Wireless Charging Is a Disaster Waiting to Happen
We crunched the numbers on just how inefficient wireless charging is — and the results are pretty shocking
Wireless charging is increasingly common in modern smartphones, and there’s even speculation that Apple might ditch charging via a cable entirely in the near future. But the slight convenience of juicing up your phone by plopping it onto a pad rather than plugging it in comes with a surprisingly robust environmental cost. According to new calculations from OneZero and iFixit, wireless charging is drastically less efficient than charging with a cord, so much so that the widespread adoption of this technology could necessitate the construction of dozens of new power plants around the world. (Unless manufacturers find other ways to make up for the energy drain, of course.)
On paper, wireless charging sounds appealing. Just drop a phone down on a charger and it will start charging. There’s no wear and tear on charging ports, and chargers can even be built into furniture. Not all of the energy that comes out of a wall outlet, however, ends up in a phone’s battery. Some of it gets lost in the process as heat.
While this is true of all forms of charging to a certain extent, wireless chargers lose a lot of energy compared to cables. They get even less efficient when the coils in the phone aren’t aligned properly with the coils in the charging pad, a surprisingly common problem.
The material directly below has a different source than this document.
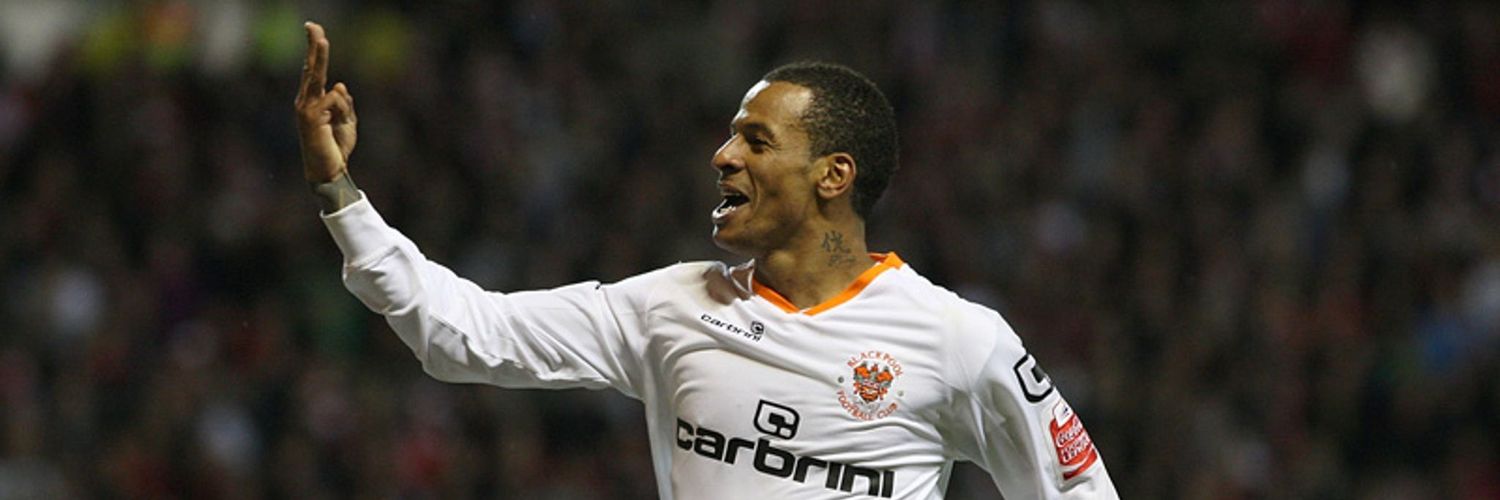 The Exiled Mind banner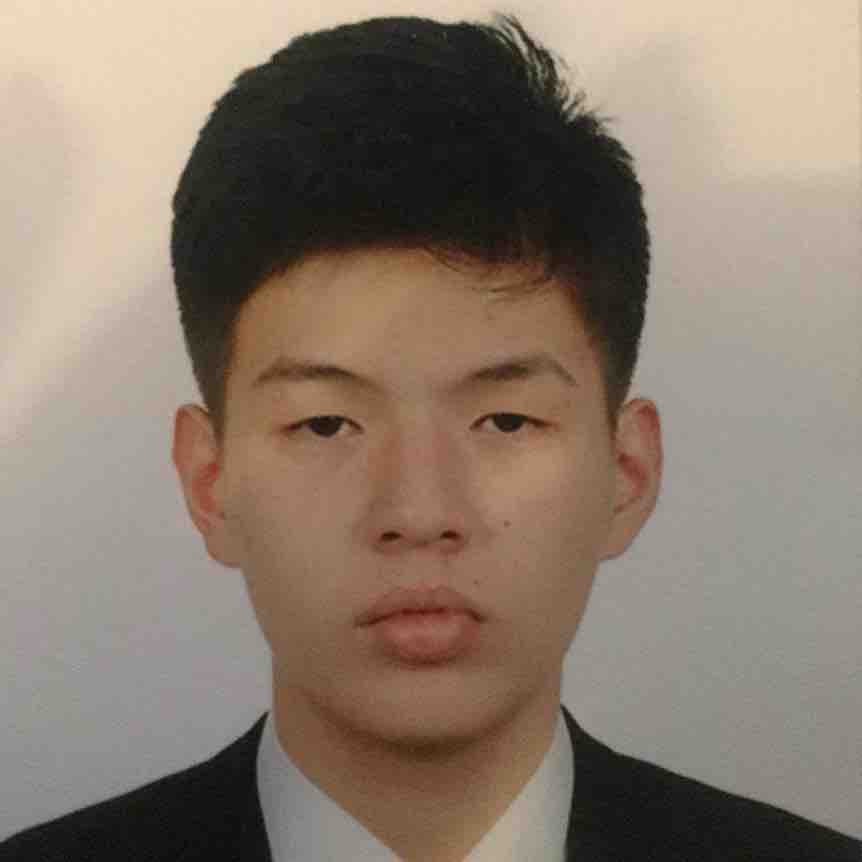 Alibek Abdigali | Сетка — социальная сеть от hh.ru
To get a sense of how much extra power is lost when using wireless charging versus wired charging in the real world, I tested a Pixel 4 using multiple wireless chargers, as well as the standard charging cable that comes with the phone. I used a high-precision power meter that sits between the charging block and the power outlet to measure power consumption.
In my tests, I found that wireless charging used, on average, around 47% more power than a cable.
Charging the phone from completely dead to 100% using a cable took an average of 14.26 watt-hours (Wh). Using a wireless charger took, on average, 21.01 Wh. That comes out to slightly more than 47% more energy for the convenience of not plugging in a cable. In other words, the phone had to work harder, generate more heat…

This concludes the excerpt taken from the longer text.